According to the Des Moines Register, Cano Pacheco “requested and was granted voluntary departure, ‘under safeguards,’” which the Huffington Post notes “carries penalties less stiff than a formal deportation” and leaves open the chance to return legally. But he would lose his life just three weeks after leaving the only country he’d known as home since the age of three.
For many immigrants, deportation can mean death. For Cano Pacheco, misdemeanors meant death. Verduzco said that in Zacatecas, the 19-year-old “had gone out to get food with an acquaintance of his cousin's, who apparently was known to the killers, Verduzco said. ‘He was in the wrong place at the wrong time.’ Both were killed.”
“Manuel's throat was slit”:
The northwestern Mexican state of Zacatecas, where Manuel’s family came from, has reportedly become a deadly place, especially for youth. Last August, the bodies of 14 people were discovered buried in a mass grave there. The growing number of drug-war deaths make Mexico one of the most dangerous countries in the world, according to the International Institute for Strategic Studies. Between January and May of 2017, the Mexican Attorney General's Office reported 12,238 homicides.
Deportees can become easy prey and are kidnapped in exchange for ransom. “The gangs hold the deportees until their relatives in the U.S. pay thousands of dollars for their release,” like in one man’s case, deported after a car accident. “Narciso was kidnapped, beaten and threatened with death. He was released five days later, only after his girlfriend in Ohio paid nearly $4,000 in multiple ransom payments”:
Do federal authorities take any of those dangers into consideration when deporting people who were raised here? [Shawn] Neudauer, the ICE spokesman, said deportees to Mexico are turned over to Mexican authorities. "Once turned over they are the responsibility of their own government," he said.
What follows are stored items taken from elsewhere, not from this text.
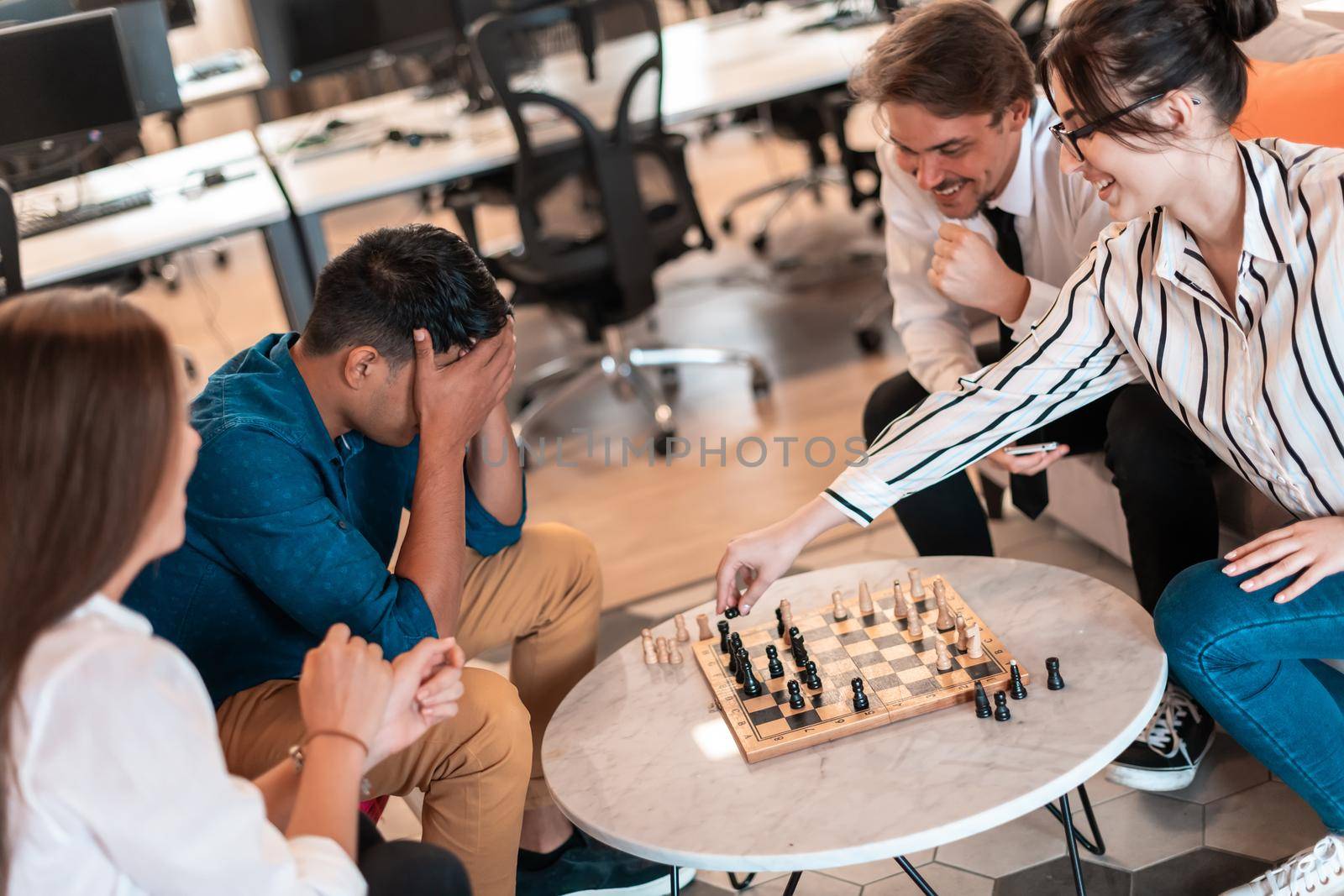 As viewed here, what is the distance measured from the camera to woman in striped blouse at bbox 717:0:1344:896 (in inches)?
54.0

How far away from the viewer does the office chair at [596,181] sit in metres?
3.05

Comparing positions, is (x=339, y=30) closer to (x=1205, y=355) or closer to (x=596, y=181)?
(x=596, y=181)

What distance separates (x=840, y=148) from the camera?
409 centimetres

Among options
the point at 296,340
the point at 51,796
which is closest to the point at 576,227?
the point at 296,340

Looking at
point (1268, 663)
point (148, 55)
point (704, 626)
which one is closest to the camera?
point (1268, 663)

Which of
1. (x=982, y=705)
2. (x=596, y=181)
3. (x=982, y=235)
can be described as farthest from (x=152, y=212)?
(x=982, y=705)

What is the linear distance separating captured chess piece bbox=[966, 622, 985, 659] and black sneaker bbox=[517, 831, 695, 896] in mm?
525

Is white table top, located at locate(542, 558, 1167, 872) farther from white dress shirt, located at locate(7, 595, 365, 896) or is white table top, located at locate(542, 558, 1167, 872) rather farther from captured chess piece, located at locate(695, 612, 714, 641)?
white dress shirt, located at locate(7, 595, 365, 896)

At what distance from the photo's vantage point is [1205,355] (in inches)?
59.1

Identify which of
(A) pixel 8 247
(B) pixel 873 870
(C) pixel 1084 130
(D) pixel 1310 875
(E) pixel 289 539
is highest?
(C) pixel 1084 130

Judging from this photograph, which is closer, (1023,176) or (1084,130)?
(1084,130)

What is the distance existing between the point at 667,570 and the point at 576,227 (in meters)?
0.96

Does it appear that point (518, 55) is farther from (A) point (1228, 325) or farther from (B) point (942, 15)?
(A) point (1228, 325)

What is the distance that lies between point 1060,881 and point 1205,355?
67cm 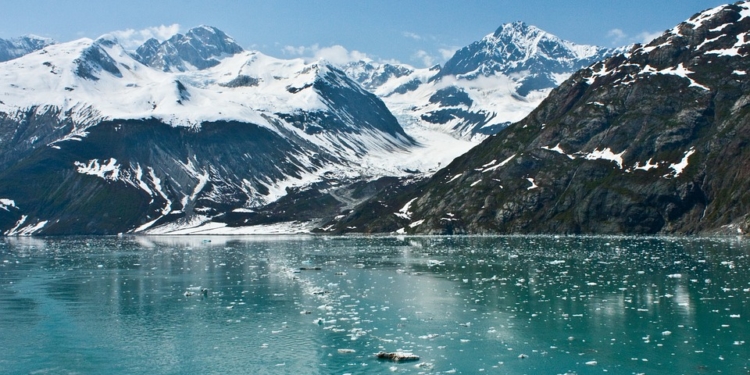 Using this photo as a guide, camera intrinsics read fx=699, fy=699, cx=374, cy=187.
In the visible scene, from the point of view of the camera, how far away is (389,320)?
53781mm

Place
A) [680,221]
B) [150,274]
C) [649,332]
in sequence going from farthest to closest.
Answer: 1. [680,221]
2. [150,274]
3. [649,332]

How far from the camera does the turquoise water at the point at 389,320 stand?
136ft

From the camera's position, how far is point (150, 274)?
93625mm

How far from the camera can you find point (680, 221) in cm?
18562

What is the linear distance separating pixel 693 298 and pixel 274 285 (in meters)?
41.9

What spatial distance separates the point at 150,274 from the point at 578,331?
2491 inches

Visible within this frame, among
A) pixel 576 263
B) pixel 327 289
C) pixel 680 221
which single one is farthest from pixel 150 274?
pixel 680 221

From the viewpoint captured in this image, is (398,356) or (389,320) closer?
(398,356)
But clearly that government is incapable of keeping them safe.
Cano Pacheco never even had a chance to graduate from high school. His family and friends said he had dreams, attending a course at Des Moines' Central Campus in hope of eventually becoming a mechanic. “’He told me he had a scholarship to a college in Chicago for mechanics,’ Verduzco said. Instead, a Go Fund Me account recently helped pay for his funeral in Mexico.”